How could that possibly be the case? Lock strategies are open and
arbitrary. Also, some STMs don't use locks at all. What an STM that
uses locks should do is use them correctly. Every time you hand-code
lock-based concurrency you risk getting it wrong. If an STM
implementation gets it wrong, it gets fixed and everyone benefits from
the fix.

> I can say with certainty
> after studying the Clojure STM implementation for over a month that
> that isn't the case.
>

What exactly are you saying?

> Refs in Clojure STM each have a ReentrantReadWriteLock object. Any
> number of concurrent transactions can hold the read lock for a Ref OR
> a single transaction can hold the write lock for a Ref. The only time
> one of these locks is held for the duration of a transaction is when
> you call ensure on a Ref. In that case it will hold a read lock until
> either the Ref is modified in the transaction or until the transaction
> commits. There is no circumstance under which a write lock will be
> held for the duration of a transaction. Write locks are obtained only
> briefly when certain things occur during a transaction and then
> quickly released. They are acquired again when the transaction commits
> and then released when the commit completes. The way that one
> transaction knows that another one has modified a Ref and hasn't yet
> committed is that the tinfo field of the Ref is set to refer to an
> object that describes the transaction that modified the Ref (including
> the order in which it started relative to others and its current
> status).
>
> So locks are not sorted by a numeric ID.

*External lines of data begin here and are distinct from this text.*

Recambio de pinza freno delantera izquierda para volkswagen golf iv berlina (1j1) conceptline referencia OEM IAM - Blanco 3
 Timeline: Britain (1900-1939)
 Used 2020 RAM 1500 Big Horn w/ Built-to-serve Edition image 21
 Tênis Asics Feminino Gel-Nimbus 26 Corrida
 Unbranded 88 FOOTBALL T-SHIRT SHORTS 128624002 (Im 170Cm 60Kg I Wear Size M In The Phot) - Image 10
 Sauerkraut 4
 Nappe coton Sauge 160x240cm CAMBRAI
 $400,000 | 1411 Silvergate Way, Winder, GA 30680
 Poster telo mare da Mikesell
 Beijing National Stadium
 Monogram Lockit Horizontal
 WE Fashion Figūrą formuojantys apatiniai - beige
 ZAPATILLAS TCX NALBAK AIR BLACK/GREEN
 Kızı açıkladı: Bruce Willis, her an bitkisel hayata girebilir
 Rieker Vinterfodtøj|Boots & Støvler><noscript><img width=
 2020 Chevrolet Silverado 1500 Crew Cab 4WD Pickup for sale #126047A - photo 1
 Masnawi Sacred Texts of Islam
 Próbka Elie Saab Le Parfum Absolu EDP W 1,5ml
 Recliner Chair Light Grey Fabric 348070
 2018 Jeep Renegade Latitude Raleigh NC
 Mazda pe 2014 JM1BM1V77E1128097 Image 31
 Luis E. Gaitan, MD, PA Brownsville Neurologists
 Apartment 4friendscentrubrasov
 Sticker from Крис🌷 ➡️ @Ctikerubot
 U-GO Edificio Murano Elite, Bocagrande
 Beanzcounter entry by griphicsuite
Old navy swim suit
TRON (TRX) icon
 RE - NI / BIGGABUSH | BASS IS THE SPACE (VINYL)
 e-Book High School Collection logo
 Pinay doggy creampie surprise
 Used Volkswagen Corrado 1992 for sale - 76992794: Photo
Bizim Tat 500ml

This is an oversimplification and simply wrong. You'll need to spend
more time studying the implementation. In particular, commuting uses
an ordered lock strategy.

> It is transaction starts,
> tries and commits that are numbered that way. It's a beautiful and
> complicated strategy ... but it leaves me wondering whether there is
> any possibility of deadlock. I don't see how it could happen. I'm just
> asking in case I overlooked something.
>

Deadlock can be precluded by avoiding mutually incompatible multi-lock
acquisitions, and/or utilizing non-forever-blocking (timeout-based)
lock acquisition. In Clojure's STM several strategies are combined.
ensures use mutually compatible readlocks, and can thus hold them over
time. Writes use write locks, but - a) try to obtain them only with a
timeout, and b) don't hold more than one at a time other than during a
commit, c) use a tagging system during the body of the transaction.
So, they obtain a write lock temporarily, then tag as owned by this
transaction, then release. On commit, everything written to will have
been successfully tagged, and those locks can then be obtained in any
order, since any other writing transaction vying for the same refs
will have failed. Thus there can be no lock A wait for B/lock B wait
for A deadlocks. Commutes always proceed (without tagging), but need
to coordinate with other writes and commutes on commit. Thus commute
locks are obtained in order (with timeouts to avoid clashes with
writes), contrary to what you've said, based upon comparability of
refs utilizing numeric IDs. This ensures that multiple commutes
involving overlapping sets of refs use compatible lock orders.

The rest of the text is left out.